Supermarket, Mall, Hypermarket, ataupun kios-kios modern lain merupakan silent market (pasar tiada dengung) — tanpa dinamika, tidak ada gelak dan kegairahan. Barang dipajang dengan bandrol harga, tanpa tawar menawar apalagi tawa canda pengunjung. Dan di pasar modern, kecenderungan orang hanya sekedar refreshing daripada silaturrahim. Maka sangat jarang senyum, sapa dan salam – apalagi gelak gayeng bertukar khabar.
Inilah cermin dunia yang semakin mekanis. Gersang mengerang. Barang diatur secara sistematis termasuk penjaga-penjaga. Manusia hanya menjalankan sistem sedang pengunjung mengutamakan kepraktisan dan sedikit waktu refreshing bagi hidup yang dikendalikan rutinitas. Tidak ada lagi bargaining seimbang antara pembeli dan penjual. Mereka hanya sekedar alat dari sistem kapitalis global. Pasar era kini, telah menjadi “senyap” justru di tengah kehidupan yang kian gaduh.
Untuk makna lebih tinggi sedikit –pasar ilang kumandhange– bisa dianalogi terputusnya ikatan batin antar warga karena “wadah”-nya pecah tergerus mesin-mesin berkedok pembangunan, moderinsasi dan lainnya.
Dalam perspektif politis, diubahnya pola musyawarah mufakat menjadi demokrasi pilihan langsung (one man one vote) dimana rakyat cuma mengenal sosok si calon karena kuatnya (modal) pencitraan, akan tetapi masyarakat tidak mampu menelusuri visi, misi dan terutama ideologi yang dianut. Ibarat membeli kucing dalam karung, setelah dibuka justru macan yang keluar. Maka bisa habis negeri ini.
Mendalami sejenak tentang pencitraan yang sekarang telah menjadi industri politik di negeri ini, kata Baudrillard, hari ini kita hidup dalam era simulakra. Era dimana batas antara realitas dan citra telah melebur.
Bahkan citra telah berubah menjadi realitas itu sendiri. Ia menyebutnya hyper-reality atau realitas semu. Pilihan-pilihan hidup kita sangat dipengaruhi oleh realitas semu ini, yang kata Milan Kundera, diciptakan oleh agen-agen periklanan, manajer kampanye politik, dan lain-lain.
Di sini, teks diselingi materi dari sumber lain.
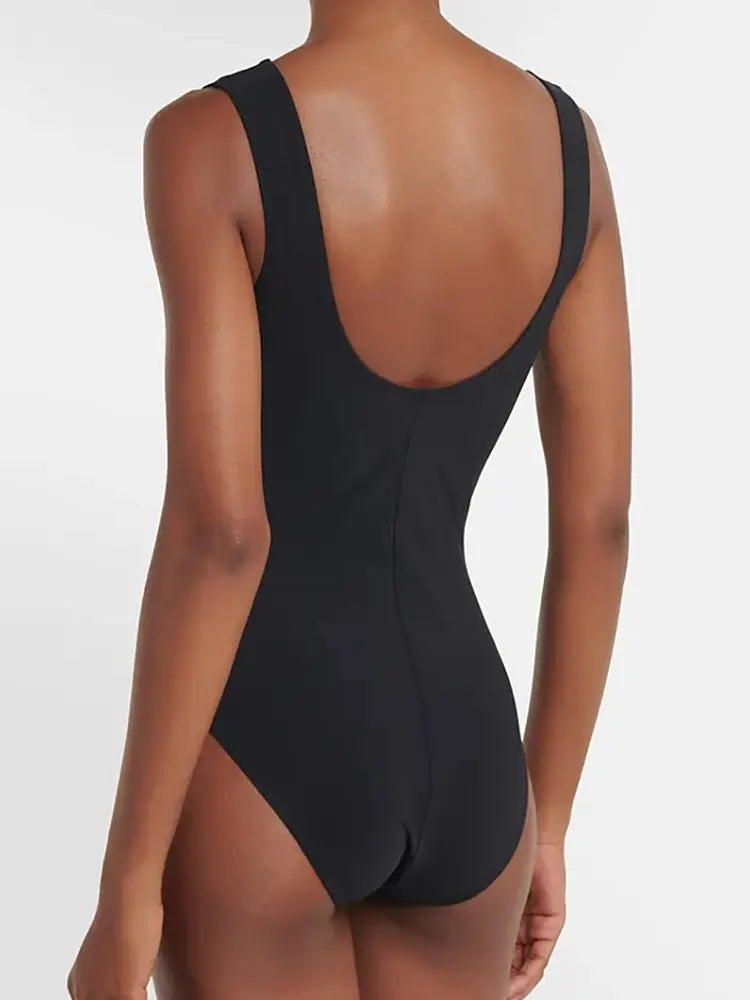 Colorblock One Piece Swimsuit Set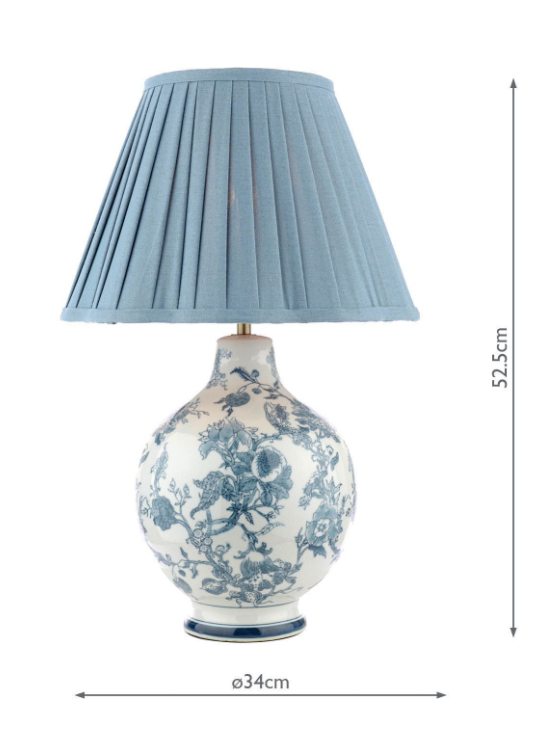 Maltby Table Lamp Blue Ceramic and Antique Brass With Shade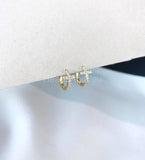 1ct Round Cut Moissanite Rock Cross Hoop Huggies Earrings 14k Yellow Gold Plated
Jagonya pencitraan menurut saya justru Jozef Goebbels, Menteri Propaganda Nazi di zaman Hitler. Ia mengatakan: “Sebarkan kebohongan berulang-ulang kepada publik. Kebohongan yang diulang-ulang, akan membuat publik menjadi percaya.” Tentang kebohongan ini, Goebbels juga mengajarkan bahwa kebohongan yang paling besar ialah kebenaran yang diubah sedikit saja!
Wong Wadon Ilang Wirange (Wanita Hilang Rasa Malunya)
Jika Prabu Jayabaya, Raggawarsita atau Sunan Kalijaga diizinkan reinkarnasi (mungkin) beliau akan “menangis” melihat perilaku sehari-hari rakyat negerinya. Suluknya ternyata nyata, ramalannya tepat semua. Di sana-sini banyak wanita hilang rasa malunya, tetapi uniqnya justru menjadi trend dan gaya hidup.
Lihat saja! Dalam dinamika sosial, justru yang nge-trend adalah “tinggi-tinggian”. Apa saja. Entah tinggi-tinggian ilmu, gedung, kekayaan, pangkat, tinggi-tinggian gelar sosial, akademis, dll. Yang akan dibahas terkait suluk di atas adalah tinggi-tinggian “celana”.
Secara fungsi, celana itu sarana untuk menutupi aurat. Jika dikenakan kaum hawa disebut rok. Atau boleh juga disebut jilbab. Apa yang bakal terjadi jika aurat yang wajib ditutup rapat, justru ditinggi-tinggikan, dijadikan tontonan layaknya (obral) barang dagangan?
Ketika aib rumah tangga yang harusnya disembunyikan justru menjadi konsumsi publik, dijadikan program acara yang “menarik” di media elektronik. Pada gilirannya masalah kawin cerai, perselingkuhan dll di kalangan tertentu dianggap gaya hidup lalu ditiru banyak orang. Ketika (lari) kembali ke ulama agama (mungkin) hanya pura-pura.
Bunyi wirid yang afdol bagi mereka adalah Masya Allah – Masya Allah,sambil Pak Kyai “bingung” geleng-geleng kepala mengintip aurat santri-santrinya. Mungkin maknanya, bahwa umat (Indonesia) telah tergoncang, apa karena tak adanya suri tauladan pemimpinnya? — Iman manusia mulai bergoyang. Adakah Zaman Kolobendu memang sudah tiba?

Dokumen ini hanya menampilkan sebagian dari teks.